Mahkememizin 30/03/2021 tarihli ara kararı uyarınca tarafların ticari defterleri üzerinde inceleme yapılarak defterlerde gözüken alacak ve borç kayıtları ile hesap bakiyeleri tespit edilip, iddia, savunma, dosyaya sunulan belgeler değerlendirilerek, ön inceleme duruşmasında belirlenen uyuşmazlık noktasında rapor alınması için dosyanın bir Mali Müşavir, bir finans uzmanı, 1 nitelikli hesap uzmanı-borçlar hukukçusu bilirkişiye verilmesine karar verilmiş olup; 08/11/2021 tarihli bilirkişi raporunda özetle; “1.Taraflarca ibraz edilen ticari defterin karşılıklı değerlendirilmesi sonucunda taraflar arasında ticari defterlere kayıt edilen herhangi bir ticari ilişki tespit edilemediği, davacının ibraz edilen ticari defterlerinden davalı ile herhangi bir ticari ilişkisi olmadığı, davalı taraf adına tanzim edilmiş herhangi bir fatura olmadığı gibi davalı taraftan alınmış herhangi bir fatura kaydına da rastlanmadığı, davalının ibraz edilen ticari defterlerinden davacı ile herhangi bir ticari ilişkisi olmadığı, davacı adına tanzim edilmiş herhangi bir fatura olmadığı gibi davacı taraftan alınmış herhangi bir fatura kaydına rastlanmadığı,
2.Taraflar arasında akdedilen 01.08.2018 tarihli Danışmanlık Sözleşmesi kapsamında davacı şirketin sözleşmenin kurulmasından sonraki 23 aylık dönemde sözleşmede öngörülen danışmanlık hizmetini sunduğu kesin, net ve tartışmasız olarak tespit edilemediği; davacının söz konusu hizmeti sunduğunu ispatlaması gerektiği;
3.Davacı tarafın sözleşmede öngörülen danışmanlık hizmetini sunduğu Sayın Mahkemenizce kanaat edilmesi halinde, 23 aylık dönem için sözleşme m. 5’te kararlaştırılan aylık 7000TL + KDV şeklindeki alacağa hak kazanacağının söylenebileceği; bu hususta davalının 01.08.2018 tarihli Danışmanlık Sözleşmesi kapsamında 14.08.2018 tarihinde 16.828,00-TL değerinde BTG ile nakite çevrilebilir kripto para ile ödeme yaptığı ve takas ve mahsup defiin de bulunduğu; nihai takdirin Sayın Mahkemenizde olduğu,
4.Davacı tarafın davalı tarafça sözleşmeye aykırı davranması nedeniyle sözleşme m. 8’de kararlaştırılan 100.000 Dolar cezai şart alacağını talep ettiği; davalının davacı tarafından sözleşmede öngörülen danışmanlık hizmetini sunmadığı ve/veya gereği gibi sunmadığı iddia edilerek ödemezlik defiinde bulunulduğu; cezai şart alacağı hususunda nihai takdir ve değerlendirmenin de Sayın Mahkemenizde olduğu…” şeklinde görüş ve kanaat bildirdiği görülmüştür.

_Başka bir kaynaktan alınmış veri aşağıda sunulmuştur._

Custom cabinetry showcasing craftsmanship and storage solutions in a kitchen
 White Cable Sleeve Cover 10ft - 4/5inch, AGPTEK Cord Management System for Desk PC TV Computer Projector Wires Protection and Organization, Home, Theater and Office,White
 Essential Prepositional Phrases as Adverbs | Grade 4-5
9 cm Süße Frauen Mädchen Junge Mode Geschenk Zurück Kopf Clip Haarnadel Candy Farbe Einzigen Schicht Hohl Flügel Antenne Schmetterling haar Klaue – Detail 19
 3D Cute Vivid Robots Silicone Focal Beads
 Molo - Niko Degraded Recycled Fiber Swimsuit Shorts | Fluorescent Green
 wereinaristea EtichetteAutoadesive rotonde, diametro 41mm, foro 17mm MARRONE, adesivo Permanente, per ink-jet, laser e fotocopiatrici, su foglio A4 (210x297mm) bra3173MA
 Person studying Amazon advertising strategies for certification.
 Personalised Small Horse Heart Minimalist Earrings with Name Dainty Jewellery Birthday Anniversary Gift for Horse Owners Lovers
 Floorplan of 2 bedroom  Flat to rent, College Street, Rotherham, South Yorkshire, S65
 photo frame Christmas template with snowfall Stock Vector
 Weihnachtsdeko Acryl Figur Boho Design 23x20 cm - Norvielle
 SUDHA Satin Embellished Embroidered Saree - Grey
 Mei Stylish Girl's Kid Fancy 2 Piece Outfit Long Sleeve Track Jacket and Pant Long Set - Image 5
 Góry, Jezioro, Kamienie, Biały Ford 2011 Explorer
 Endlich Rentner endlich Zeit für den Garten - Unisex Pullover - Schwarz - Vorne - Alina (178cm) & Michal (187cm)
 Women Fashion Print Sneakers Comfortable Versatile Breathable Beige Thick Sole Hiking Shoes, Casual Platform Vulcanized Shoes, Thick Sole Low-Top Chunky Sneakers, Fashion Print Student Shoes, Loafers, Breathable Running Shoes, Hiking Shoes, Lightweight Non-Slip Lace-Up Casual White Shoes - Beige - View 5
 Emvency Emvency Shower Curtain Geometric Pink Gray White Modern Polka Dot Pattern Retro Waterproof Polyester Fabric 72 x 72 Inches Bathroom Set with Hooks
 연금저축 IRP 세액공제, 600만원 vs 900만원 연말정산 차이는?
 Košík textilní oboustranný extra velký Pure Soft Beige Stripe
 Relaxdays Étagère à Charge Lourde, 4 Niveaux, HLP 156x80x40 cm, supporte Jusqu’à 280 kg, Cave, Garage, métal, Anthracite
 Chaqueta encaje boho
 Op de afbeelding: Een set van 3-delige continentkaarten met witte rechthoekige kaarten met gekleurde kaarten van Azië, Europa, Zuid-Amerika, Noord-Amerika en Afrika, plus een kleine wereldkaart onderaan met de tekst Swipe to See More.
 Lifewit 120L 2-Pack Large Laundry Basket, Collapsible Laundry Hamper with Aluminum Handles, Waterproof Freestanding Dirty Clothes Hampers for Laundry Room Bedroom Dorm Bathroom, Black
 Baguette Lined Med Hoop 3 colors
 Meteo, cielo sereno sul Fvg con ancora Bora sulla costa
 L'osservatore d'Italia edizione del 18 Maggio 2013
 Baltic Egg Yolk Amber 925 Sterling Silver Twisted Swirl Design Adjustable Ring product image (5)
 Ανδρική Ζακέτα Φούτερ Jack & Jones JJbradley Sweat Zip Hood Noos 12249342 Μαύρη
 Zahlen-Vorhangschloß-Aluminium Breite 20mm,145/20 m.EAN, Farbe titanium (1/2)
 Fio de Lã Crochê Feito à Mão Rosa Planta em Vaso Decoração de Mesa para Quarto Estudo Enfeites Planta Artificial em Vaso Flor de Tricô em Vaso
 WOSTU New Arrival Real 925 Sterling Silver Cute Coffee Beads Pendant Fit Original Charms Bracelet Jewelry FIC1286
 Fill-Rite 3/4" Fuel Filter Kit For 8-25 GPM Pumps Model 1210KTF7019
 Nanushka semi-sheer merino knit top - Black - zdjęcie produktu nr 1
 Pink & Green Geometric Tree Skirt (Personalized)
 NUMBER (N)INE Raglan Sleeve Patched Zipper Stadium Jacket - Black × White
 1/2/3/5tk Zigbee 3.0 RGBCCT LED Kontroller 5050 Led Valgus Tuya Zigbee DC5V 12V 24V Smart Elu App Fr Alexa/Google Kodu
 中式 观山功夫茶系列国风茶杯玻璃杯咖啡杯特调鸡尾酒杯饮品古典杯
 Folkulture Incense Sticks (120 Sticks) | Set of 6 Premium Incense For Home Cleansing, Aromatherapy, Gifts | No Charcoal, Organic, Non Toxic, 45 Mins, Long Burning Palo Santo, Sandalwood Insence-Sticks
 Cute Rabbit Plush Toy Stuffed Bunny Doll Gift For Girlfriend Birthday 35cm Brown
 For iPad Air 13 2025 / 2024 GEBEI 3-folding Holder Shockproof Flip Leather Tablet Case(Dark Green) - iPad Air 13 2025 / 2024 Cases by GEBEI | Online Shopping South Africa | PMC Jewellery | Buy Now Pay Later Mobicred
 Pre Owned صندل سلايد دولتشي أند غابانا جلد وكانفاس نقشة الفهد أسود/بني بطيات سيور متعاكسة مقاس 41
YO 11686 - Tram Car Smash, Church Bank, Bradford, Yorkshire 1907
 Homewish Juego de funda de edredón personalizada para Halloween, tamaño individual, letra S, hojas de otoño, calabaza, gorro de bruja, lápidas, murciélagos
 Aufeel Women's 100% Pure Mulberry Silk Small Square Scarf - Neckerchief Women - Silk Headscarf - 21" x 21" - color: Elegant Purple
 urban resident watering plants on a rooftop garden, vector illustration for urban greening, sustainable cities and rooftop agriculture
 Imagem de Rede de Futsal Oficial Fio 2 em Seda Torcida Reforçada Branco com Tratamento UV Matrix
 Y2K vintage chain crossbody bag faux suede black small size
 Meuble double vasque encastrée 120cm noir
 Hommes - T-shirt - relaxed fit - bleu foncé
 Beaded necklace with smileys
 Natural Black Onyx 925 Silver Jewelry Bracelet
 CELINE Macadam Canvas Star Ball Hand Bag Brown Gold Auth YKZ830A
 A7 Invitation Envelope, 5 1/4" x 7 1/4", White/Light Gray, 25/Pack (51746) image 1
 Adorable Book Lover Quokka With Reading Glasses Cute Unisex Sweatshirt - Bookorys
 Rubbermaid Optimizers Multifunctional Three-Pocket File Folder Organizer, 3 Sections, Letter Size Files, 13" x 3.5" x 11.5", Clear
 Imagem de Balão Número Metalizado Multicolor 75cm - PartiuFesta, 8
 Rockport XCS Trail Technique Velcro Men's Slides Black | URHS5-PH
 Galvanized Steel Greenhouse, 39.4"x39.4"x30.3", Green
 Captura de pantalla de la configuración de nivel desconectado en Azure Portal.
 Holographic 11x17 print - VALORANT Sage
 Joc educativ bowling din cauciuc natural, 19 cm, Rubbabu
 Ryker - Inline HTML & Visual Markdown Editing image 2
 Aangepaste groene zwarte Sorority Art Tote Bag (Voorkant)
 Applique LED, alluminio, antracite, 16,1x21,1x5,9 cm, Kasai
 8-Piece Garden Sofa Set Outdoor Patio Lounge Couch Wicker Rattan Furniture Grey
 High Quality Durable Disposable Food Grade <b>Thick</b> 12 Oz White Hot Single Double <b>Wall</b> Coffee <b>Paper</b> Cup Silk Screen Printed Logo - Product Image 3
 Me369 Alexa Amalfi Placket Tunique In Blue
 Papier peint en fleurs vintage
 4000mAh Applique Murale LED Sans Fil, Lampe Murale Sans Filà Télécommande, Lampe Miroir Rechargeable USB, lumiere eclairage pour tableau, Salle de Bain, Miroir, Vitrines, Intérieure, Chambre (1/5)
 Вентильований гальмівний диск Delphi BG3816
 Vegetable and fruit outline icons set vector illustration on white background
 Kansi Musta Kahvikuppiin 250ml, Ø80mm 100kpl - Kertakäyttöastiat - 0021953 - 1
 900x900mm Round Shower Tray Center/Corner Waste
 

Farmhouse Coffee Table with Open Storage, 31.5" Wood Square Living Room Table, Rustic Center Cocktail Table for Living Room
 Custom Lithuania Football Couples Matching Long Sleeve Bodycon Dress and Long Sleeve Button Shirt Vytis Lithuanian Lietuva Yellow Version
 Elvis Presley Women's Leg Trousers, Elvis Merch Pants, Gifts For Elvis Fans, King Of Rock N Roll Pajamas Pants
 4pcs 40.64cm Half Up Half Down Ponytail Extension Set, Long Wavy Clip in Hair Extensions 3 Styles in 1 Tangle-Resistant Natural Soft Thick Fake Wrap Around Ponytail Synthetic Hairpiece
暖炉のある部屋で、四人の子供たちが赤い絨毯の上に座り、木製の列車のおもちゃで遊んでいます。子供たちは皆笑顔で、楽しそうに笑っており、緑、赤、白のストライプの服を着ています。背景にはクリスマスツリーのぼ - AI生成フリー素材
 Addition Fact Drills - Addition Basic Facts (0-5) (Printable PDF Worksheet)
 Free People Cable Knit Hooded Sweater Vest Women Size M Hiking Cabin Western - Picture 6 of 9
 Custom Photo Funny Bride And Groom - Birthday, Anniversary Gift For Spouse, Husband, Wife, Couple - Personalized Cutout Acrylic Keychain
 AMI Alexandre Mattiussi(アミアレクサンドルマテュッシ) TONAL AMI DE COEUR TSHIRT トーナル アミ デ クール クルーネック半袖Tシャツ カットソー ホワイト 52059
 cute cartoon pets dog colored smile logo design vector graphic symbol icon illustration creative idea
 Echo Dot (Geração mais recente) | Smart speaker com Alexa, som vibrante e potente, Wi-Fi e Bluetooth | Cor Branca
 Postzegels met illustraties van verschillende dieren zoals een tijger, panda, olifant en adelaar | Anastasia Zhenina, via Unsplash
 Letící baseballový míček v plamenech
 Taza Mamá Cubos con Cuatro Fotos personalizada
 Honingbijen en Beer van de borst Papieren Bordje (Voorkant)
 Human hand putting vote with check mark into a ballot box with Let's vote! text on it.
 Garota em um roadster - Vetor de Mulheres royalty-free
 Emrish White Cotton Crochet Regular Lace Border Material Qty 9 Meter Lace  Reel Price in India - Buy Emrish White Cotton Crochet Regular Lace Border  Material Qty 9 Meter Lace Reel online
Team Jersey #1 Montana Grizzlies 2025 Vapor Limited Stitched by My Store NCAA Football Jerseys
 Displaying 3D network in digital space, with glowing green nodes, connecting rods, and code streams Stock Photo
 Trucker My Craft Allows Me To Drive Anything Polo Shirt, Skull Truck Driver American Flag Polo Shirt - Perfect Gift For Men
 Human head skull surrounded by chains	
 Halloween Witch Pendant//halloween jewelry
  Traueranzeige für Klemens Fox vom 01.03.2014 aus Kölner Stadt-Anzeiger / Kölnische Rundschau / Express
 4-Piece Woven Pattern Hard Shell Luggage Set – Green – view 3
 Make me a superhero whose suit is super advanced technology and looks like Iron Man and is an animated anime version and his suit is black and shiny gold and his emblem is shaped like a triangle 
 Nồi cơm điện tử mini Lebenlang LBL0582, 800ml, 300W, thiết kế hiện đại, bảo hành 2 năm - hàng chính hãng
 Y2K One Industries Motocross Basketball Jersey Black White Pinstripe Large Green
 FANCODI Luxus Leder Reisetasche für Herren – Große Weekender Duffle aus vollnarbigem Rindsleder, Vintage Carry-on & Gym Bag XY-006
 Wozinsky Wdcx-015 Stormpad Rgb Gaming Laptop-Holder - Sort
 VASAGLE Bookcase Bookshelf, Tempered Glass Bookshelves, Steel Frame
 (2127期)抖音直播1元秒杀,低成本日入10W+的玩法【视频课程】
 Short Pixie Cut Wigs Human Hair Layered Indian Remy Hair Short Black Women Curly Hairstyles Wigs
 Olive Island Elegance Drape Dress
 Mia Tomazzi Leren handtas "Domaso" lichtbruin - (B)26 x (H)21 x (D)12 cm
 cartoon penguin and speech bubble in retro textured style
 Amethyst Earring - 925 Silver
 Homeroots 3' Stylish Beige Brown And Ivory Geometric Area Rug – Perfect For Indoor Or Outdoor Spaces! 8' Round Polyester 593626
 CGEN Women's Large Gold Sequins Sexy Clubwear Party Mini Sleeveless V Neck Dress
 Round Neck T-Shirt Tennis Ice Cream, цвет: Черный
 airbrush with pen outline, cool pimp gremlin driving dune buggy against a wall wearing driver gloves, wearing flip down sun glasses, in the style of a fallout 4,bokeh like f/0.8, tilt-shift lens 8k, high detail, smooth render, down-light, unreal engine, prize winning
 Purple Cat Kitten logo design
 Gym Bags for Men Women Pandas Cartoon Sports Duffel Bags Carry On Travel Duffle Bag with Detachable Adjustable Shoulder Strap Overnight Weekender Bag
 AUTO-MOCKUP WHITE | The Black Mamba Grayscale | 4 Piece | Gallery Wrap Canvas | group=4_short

Mahkememizin 21/02/2022 tarihli celsesinin 1 numaralı ara kararı uyarınca tarafların rapora karşı beyan ve itirazları da değerlendirilerek rapor alınması için dosyanın bilirkişiye verilmesine karar verilmiş olup, 06/04/2022 tarihli bilirkişi ek raporunda özetle; “Bilirkişi kök raporundaki görüş ve kanaatlerimizi koruduğumuzu” … Şeklinde görüş ve kanaat bildirdiği görülmüştür.
Davacı vekilinin yemin deliline başvurmuş olması nedeniyle davacı vekiline yemin delili hatırlatılmış olup; davacı tarafça yemin teklif edilmesi üzerine davalı şirket yetkilisi …’e tebligat çıkarılmış olup, şirket yetkilisi 15/02/2023 tarihli celsedeki yeminli beyanında “Yetkilisi olduğum şirket ile davacı şirket arasında imzalanan 01/08/2018 tarihli danışmanlık hizmet sözleşmesi kapsamında sözleşme konusu hiçbir hizmetin verilmediği, bu nedenle sözleşme konusu bedelin ödenmediği hususunda yemin ederim” şeklinde beyanda bulunmuştur
Taraflar arasında 01.08.2018 tarihli Danışmanlık Sözleşmesinin akdedilmiş olup;
Sözleşmenin üçüncü maddesi: “Bu sözleşme danışman tarafından iş sahibinin firmalarına verilecek ödeme sistemleri, nakit yönetim sistemleri, fatura tahsilat sistemleri, bankacılık hizmetleri, dijital sanal, blockchain teknolojileri’ne dayalı iş ortakları oluşturma konularında verilecek danışmanlık ve proje geliştirme hizmetlerine ilişkin olup, karşılıklı hak ve yükümlülükleri kapsar.”
Sözleşmenin dördüncü maddesi: ” Danışman iş sahibinin sözleşme konusu işlerini takip edecek, ayrıca iş sahibinin ya da işyerinde yetkili olan kişilerin, sözleşme konusu işe ilişkin olarak, kendisine yazılı ya da sözlü yönelttikleri sorulara ilgili görüş ve çözüm önerilerini, mümkün olan en kısa surede yazılı ya da sözlü olarak bildirmek suretiyle iş sahibine danışmanlık hizmeti verecektir.”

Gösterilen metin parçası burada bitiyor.